Member of the Chamber of Deputies
- Incumbent
- Assumed office 21 December 2020
- Parliamentary group: Alliance for the Union of Romanians
- Constituency: Bacău

Personal details
- Born: 25 March 1967 (age 59) Gheorghe Gheorghiu-Dej, Bacău Region, Socialist Republic of Romania
- Citizenship: Romania
- Party: Alliance for the Union of Romanians (since 2020)
- Other political affiliations: Save Romania Union (until 2020)
- Education: University of Bucharest The Open University
- Occupation: politician

= Antonio Andrușceac =

Romanian politician (born 1967)

Antonio Andrușceac (born 25 March 1967) is a Romanian politician.
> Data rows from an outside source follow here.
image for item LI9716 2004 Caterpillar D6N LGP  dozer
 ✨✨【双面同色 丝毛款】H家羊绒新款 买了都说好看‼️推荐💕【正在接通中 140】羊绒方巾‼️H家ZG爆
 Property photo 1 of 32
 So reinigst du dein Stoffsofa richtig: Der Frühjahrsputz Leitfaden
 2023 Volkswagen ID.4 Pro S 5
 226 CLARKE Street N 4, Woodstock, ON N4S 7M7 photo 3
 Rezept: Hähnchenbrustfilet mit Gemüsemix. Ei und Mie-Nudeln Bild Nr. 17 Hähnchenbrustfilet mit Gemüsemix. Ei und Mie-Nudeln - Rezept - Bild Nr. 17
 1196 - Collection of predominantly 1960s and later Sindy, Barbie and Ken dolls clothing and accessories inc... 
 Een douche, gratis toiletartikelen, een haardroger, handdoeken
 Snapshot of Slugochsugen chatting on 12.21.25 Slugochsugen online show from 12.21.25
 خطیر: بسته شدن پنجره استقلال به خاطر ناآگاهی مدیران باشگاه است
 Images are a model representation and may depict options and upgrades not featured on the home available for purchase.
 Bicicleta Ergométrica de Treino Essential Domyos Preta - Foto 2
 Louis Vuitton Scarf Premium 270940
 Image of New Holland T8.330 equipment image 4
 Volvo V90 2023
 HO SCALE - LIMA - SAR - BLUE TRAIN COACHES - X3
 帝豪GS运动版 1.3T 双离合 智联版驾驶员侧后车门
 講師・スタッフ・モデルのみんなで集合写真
A member of the Alliance for the Union of Romanians (AUR), he was elected member of the Chamber of Deputies in the 2020 parliamentary election. Antonio Andrușceac was a founding member of the Save Romania Union and a party member until he was excluded in 2020 for his socially conservative stances. Since 2020, he has served as a quaestor of the chamber. In the 2024 European Parliament election, he was a candidate for member of the European Parliament. On 22 May 2025, he became a founding member of the Conservative Action party led by former AUR founder Claudiu Târziu.